Nastolatek spowodował kolizję i uciekł porzucając rozbity, leżący na dachu pojazd. Był pijany a mimo młodego wieku miał już sądowy wyrok związany z zakazem prowadzenia pojazdów mechanicznych. To jednak nie wszystko. Kłopoty z prawem miał też jeden z jego pasażerów.
Do zdarzenia doszło w minioną sobotę, 7 października na tzw. “Tysiąclatce” w powiecie makowskim. Wstępne ustalenia policjantów wskazują, że kierujący mazdą jadąc z Makowa Mazowieckiego w kierunku Krasnosielca, na łuku drogi, nie dostosował prędkości, zjechał do rowu i uderzył w drzewo, a następnie dachował.
Gdy policjanci przyjechali na miejsce zdarzenia, mieli problem z ustaleniem kierowcy mazdy. Przy pojeździe stało dwóch mężczyzn i nikt nie przyznawał się do kierowania. W końcu policjanci ustalili sprawcę kolizji. Został on zatrzymany - był nietrzeźwy. Badanie 18-letniego kierującego wykazało 1,5 promila alkoholu w organizmie. Mężczyzna nie posiadał prawa jazdy. Miał aktywny sądowy zakaz kierowania.
- podkomisarz Monika Winnik, rzecznik prasowy KPP w Makowie Mazowieckim.

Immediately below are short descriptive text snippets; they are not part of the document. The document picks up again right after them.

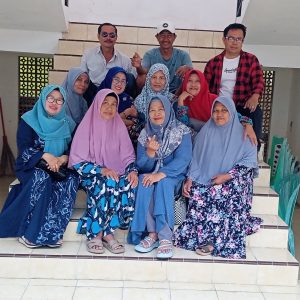 Reuni Alumni SDN Dalpenang 2 dan 4 Yang Ke 44 di Taman Wiyata  Bahari Penuh Nostalgia
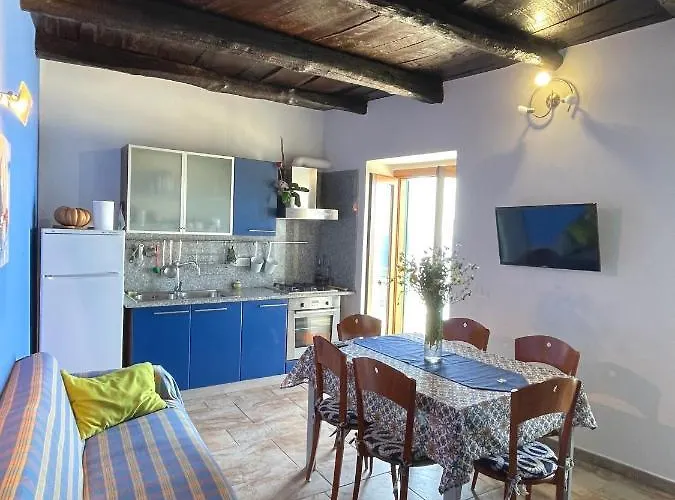 Center - Unique Sea View - Casa Dei Coralli Apartament Tropea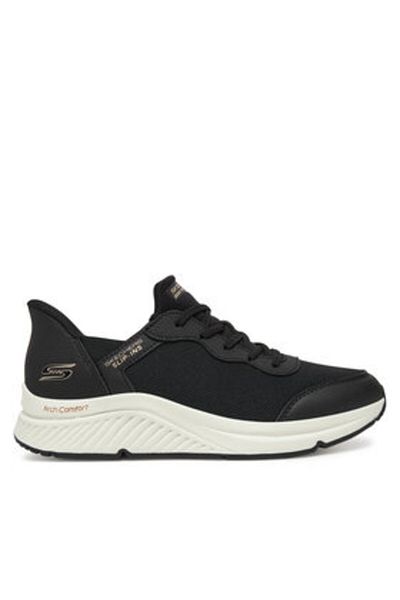 SKECHERS Women's Sneakers black SKECHERS-117627 BLK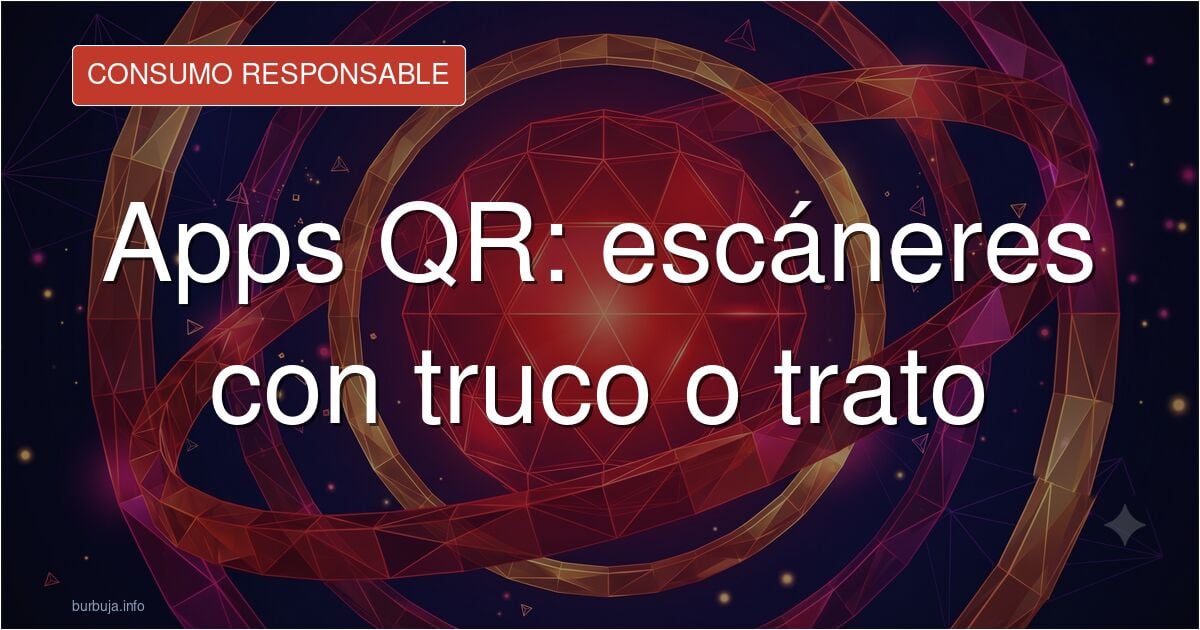 Mejores aplicaciones de escáner de códigos QR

Dwaj pasażerowie (21 i 22 lat) byli również w stanie nietrzeźwości. Na szczęście w wyniku zdarzenia nie odnieśli poważnych obrażeń. Natomiast okazało się, że 22-letni mieszkaniec pow. przasnyskiego był poszukiwany w celu odbycia kary pozbawienia wolności. Został on również osadzony w policyjnym areszcie.
18-letni kierujący mazdą odpowie za kierowanie w stanie nietrzeźwości i niestosowanie się do zakazu kierowania pojazdami. Grozi mu kara pozbawienia wolności do lat 3. Odpowie również za spowodowanie kolizji drogowej.